West Virginia’s attorney general has urged the US Court of Appeals for the DC Circuit to declare the US Environmental Protection Agency’s (EPA) proposed restrictions on greenhouse gas emissions from existing coal-fired power plants illegal.

Coal regulations are “blatantly violating the Clear Air Act”

“In its proposed rule, the EPA is blatantly violating the Clean Air Act,” said Patrick Morrisey. According to Morrisey’s brief, the act gives the EPA a choice between regulating only hazardous emissions from existing coal-fired power plants under national standards or requiring states to regulate any emissions from those plants on a state-by-state basis.

“The Clean Air Act explicitly prohibits the EPA from imposing both kinds of regulations on the same existing plants,” Morrisey explained in a press statement.

“Since coal-fired power plants are already regulated by the EPA under […] national standards, [it] it prohibited from imposing its new proposed state-by-state regulations on those same plants.”

The EPA: unconstrained leviathan

Morrisey also cited recent criticism of the EPA in a recent ruling by the justices of the US Supreme Court, who accused the agency of seeking an “enormous and transformative extension” of its authority without the approval of Congress. “The proposed rule for existing coal-fired power plants […] is even more obviously illegal than the rule the Supreme Court struck down,” said Morrisey, noting that even the EPA recognised that its rule violated the literal terms of the Clean Air Act.

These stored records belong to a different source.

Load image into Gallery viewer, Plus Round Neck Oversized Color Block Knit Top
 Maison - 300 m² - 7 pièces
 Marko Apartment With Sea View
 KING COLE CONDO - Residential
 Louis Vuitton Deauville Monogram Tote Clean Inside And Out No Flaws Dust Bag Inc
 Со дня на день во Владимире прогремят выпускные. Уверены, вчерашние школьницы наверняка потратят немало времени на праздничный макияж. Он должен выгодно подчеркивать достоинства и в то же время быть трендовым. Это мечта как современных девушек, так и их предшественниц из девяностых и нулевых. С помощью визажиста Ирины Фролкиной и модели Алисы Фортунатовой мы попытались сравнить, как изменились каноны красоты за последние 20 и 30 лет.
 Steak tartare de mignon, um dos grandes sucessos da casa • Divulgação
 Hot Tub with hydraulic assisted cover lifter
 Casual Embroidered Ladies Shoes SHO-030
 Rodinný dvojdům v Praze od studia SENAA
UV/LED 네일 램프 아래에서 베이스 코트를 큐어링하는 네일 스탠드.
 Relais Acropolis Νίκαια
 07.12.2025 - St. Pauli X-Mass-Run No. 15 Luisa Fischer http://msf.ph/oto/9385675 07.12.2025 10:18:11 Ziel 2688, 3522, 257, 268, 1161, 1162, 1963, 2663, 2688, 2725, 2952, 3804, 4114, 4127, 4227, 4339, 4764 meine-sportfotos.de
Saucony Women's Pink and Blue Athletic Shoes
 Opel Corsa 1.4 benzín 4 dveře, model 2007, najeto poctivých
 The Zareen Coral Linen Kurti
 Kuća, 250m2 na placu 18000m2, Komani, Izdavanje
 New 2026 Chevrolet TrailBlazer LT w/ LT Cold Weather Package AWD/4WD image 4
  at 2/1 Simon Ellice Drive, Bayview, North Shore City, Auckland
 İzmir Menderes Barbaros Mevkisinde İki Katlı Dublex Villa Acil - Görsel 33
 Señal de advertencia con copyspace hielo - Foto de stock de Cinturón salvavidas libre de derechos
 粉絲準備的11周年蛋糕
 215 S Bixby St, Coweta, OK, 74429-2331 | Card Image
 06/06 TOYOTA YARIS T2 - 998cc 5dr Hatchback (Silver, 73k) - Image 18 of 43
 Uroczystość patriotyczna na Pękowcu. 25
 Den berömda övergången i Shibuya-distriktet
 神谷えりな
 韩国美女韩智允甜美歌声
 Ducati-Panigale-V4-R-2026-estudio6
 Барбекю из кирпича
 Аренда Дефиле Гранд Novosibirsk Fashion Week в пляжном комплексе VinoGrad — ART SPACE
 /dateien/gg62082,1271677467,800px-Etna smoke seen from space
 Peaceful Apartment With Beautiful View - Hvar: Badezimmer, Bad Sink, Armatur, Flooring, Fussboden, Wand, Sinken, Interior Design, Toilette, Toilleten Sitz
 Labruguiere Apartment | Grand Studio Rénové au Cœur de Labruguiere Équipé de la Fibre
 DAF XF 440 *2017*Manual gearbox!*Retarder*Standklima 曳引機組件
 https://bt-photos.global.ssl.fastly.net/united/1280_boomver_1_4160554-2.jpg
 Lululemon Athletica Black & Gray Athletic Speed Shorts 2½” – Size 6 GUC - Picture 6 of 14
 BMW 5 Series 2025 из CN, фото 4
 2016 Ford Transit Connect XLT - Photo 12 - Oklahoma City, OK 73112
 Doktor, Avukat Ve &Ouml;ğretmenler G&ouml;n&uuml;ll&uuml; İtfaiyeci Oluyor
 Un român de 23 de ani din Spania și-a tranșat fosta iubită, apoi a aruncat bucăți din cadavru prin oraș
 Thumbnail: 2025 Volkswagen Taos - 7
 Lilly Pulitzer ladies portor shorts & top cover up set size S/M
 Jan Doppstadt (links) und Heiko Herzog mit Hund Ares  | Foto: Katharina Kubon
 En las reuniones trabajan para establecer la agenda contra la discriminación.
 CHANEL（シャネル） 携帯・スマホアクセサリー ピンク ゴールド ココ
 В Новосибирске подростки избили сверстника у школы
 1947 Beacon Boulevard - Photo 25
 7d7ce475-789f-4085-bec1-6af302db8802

“An agency should not be permitted to threaten to impose a rule that it know will never survive judicial review in order to scare regulated parties into closing their doors in anticipation of the rule being finalized,” concluded Morrisey. “We will use every legal tool possible to stop this flagrant overreach by [the] EPA in order to protect the hard working families of West Virginia.”

States unite against the proposals

Morrisey was representing a bipartisan group of nine states, including Alabama, Alaska, Kentucky, Nebraska, Ohio, Oklahoma, South Carolina and Wyoming, as well as West Virginia.